Se poi ci mettiamo pure che i signori qui ci avevano lasciato con quella tortura inquisitoria di The Astonishing, una bella merdata di due ore che credo non riascolterò mai più nella mia inutile, ma mai inutile come quel disco, di vita. Immaginate quindi con che voglia mi sia approcciato a questa nuova creatura partorita dai Sheldon Cooper del metal.

Ah già, ci sta pure il fatto che i primi due singoli mi hanno fatto cagare molle… wow che gaudio. Ma, come dicevo prima: qualcuno dovrà pur farlo.

Ok, l’ho fatto e se sono qui a scrivervi significa che i coglioni non sono esplosi scatenando un’onda d’urto da radere al suolo il mio palazzo e uccidendo il vicinato: che tra parentesi è esattamente quello che speravo, giusto per farmi due risate.

Scordatevi il track by track che tanto non serve a un cazzo, parliamo del disco in sé: non è male. Non fraintendetemi, anche questo lo ascolterò ancora giusto un altro paio di volte e poi via nel dimenticatoio, ma ha delle potenzialità.

Come dicevo prima, a mio parere i due singoli sono la parte peggiore del disco, e per quanto mi riguarda è sempre una bella cosa. Abbassare le aspettative per poi ammiccare all’ascoltatore con un ” eh?!?!?sentito che roba? cioè ma tu veramente credevi che noi… cioè quelle due canzoni li… ma va là va scemotto. Ascolta qua che roba!”.

Bene o male è andata cosi con questo Distance Over Time, solo che, oh brutti cazzoni, se non mi fate canzoni che non dico memorabili, ma degne del vostro nome, tanto vale che entriate anche voi nel fantastico mondo degli Iron Maiden costellato di cofanetti, live, live, live, cofanetti, live, disco, (ripetere). Tanto che ve frega? Questo è un disco svogliato, prodotto bene, suonato bene, mah… mah… mavaffanculo mi vien da dire. Il ragazzino è bravo ma non si impegna.

Qualcosa di bello c’è. Ovviamente ogni tot saltano fuori cose tecnicamente assurde, anche se Petrucci che ti fa il giro di Do con la chitarra fa salire il crimine, ma Mangini per dire fa un lavoro della madonna, se si pensa poi che è uno che tiene i piatti della batteria appesi come le nonne tengono le pentole di rame in cucina. Pure il muto e lo smanettone alle tastiere ci danno dentro, ma è proprio questo che fa incazzare: mancano le canzoni punto. PUNTO.

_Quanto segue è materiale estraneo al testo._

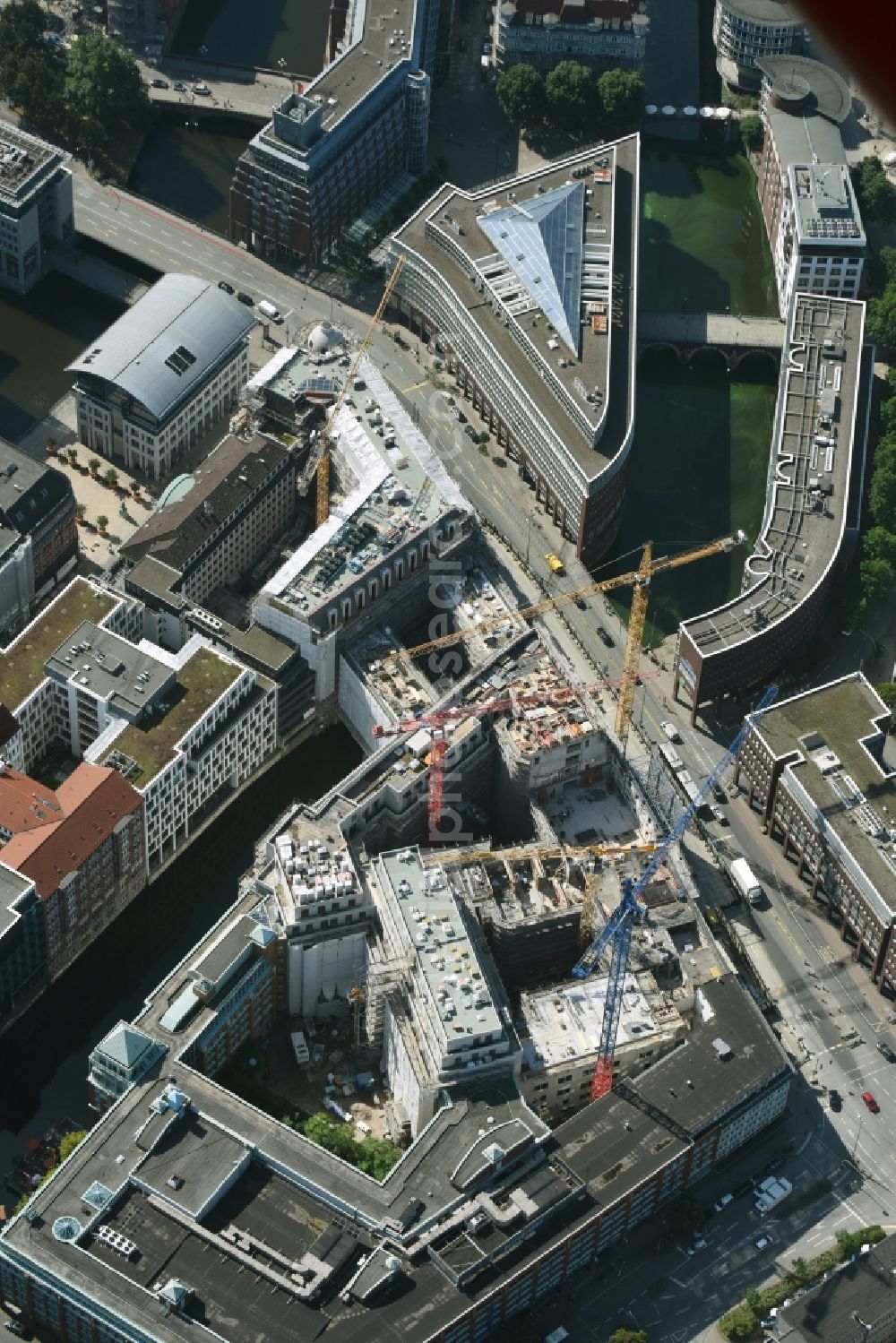 Aerial image Hamburg - Building site of the Residential and commercial building quarter Stadthoefe-Quartier at Stadthausbruecke in the district Neustadt in Hamburg. Involved comanys are Stadthoefe Baugesellschaft mbH & Co. KG, Quantum Immobilien AG, AUG. PRIEN Unternehmensgruppe. Involved architects are David Chipperfield, Architects und Kuehn Malvezzi, Stephen Williams Associates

E poi c’è LaBrie. Io non so più come offendere quest’uomo. Giuro. Mi spiace perché mi sta anche simpatico, ma lui non canta, lui la canzone la interpreta come un attore di soap opera sudamericana. E poi strilla. Tu sei il fastidio LaBrie capito??!?!?! Il Fastidio!

Concludo perché altrimenti mi incazzo, ma una cosa mi viene da dire ai Dream Theater: fate pace con Portnoy e litigate con LaBrie. Vi prego.